For now, the NFC chip inside of the iPhone 6 and iPhone 6 Plus is meant for use with Apple Pay only for now. Apple Pay allows you to store your credit card information on your iPhone and use it to buy stuff at any store that supports Apple Pay. The iPhone 6 has an NFC chip that allows you to tap the pay terminal at a store to instantly buy goods. Furthermore, doing this doesn’t give the store your credit card information, so you’re less susceptible to store hacks that steal credit card information, similar to the recent Home Depot and Target hacks.
Apple Pay also works with mobile shopping apps, allowing you to pay with a single touch of the Touch ID fingerprint sensor in shopping apps that support the feature.
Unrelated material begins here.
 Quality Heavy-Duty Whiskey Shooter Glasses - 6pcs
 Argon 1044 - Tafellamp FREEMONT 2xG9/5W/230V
However, the new payment system has already seen its fair share of problems thus far. Some users have been getting double-charged when using Apple Pay at stores, with one user claiming he was charged twice while shopping at Whole Foods using his Bank of America debit card through Apple Pay. Bank of America notes that this particular problem is on their end and have been working on a fix.
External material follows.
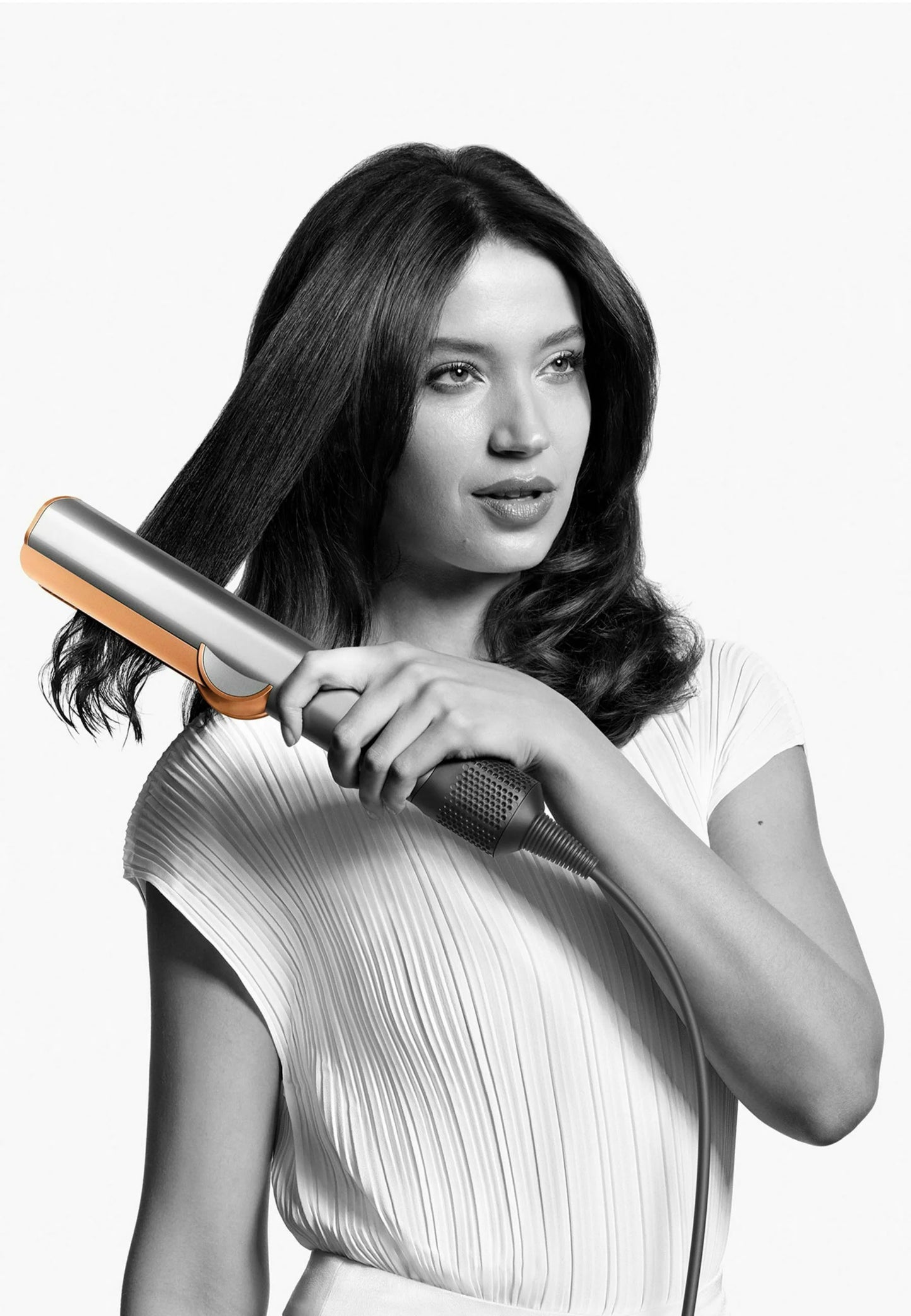 Dyson Airstrait™ Glätteisen und Haarstyler (Kupfer)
Furthermore, some stores aren’t even training their employees properly on how to accept Apple Pay. One Reddit user said he went to Subway and the cashier had no idea how to get an Apple Pay transaction going, saying that the cashier couldn’t figure out how to use it, and “then a QR code appeared on the terminal, but there was no option on my phone to scan it.”
Another thing that has users scratching their heads is how returns are handled if you paid for the product using Apple Pay. One user says that returning an item at CVS required swiping the credit card that the item was purchased with, but since you can’t exactly do that with Apple Pay, this forced the cashier to essentially override the system in order to return the money.
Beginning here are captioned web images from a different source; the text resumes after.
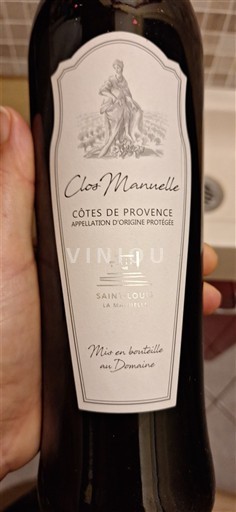 Provansa Côtes-de-Provence Clos Manuelle 2021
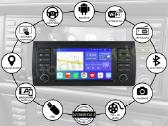 Bmw 5 E39 X5 E53 1995-06 Android multimedia GPS - nuotraukos Nr. 2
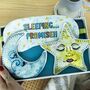 Kids Sleep Gift Set With Eye Mask And Wheat Heat Warmer, thumbnail 5 of 6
Currently, only a handful of major banks support Apple Pay, and they include Bank of America, Capital One, Chase, Citi and Wells Fargo. Apple says that more banks will be coming soon, though, including Barclay, Navy Federal, PNC, USAA and US Bank, as well as around 500 other smaller banks.
Furthermore, Apple says that 220,000 store locations accept Apple Pay as a payment method, and that number will no doubt continue to grow into 2015 and beyond.
The company lists a handful of national chains that support Apple Pay, including McDonald’s, Panera Bread, Staples, Walgreens, Subway, Whole Foods, Macy’s, Bloomingdales, and the Disney Store.
As for apps that accept one-touch payment with Apple Pay, there are plenty that are already on board with it. Some notable shopping apps include Groupon, Panera Bread, OpenTable, Starbucks, Sephora, Target, and even Uber.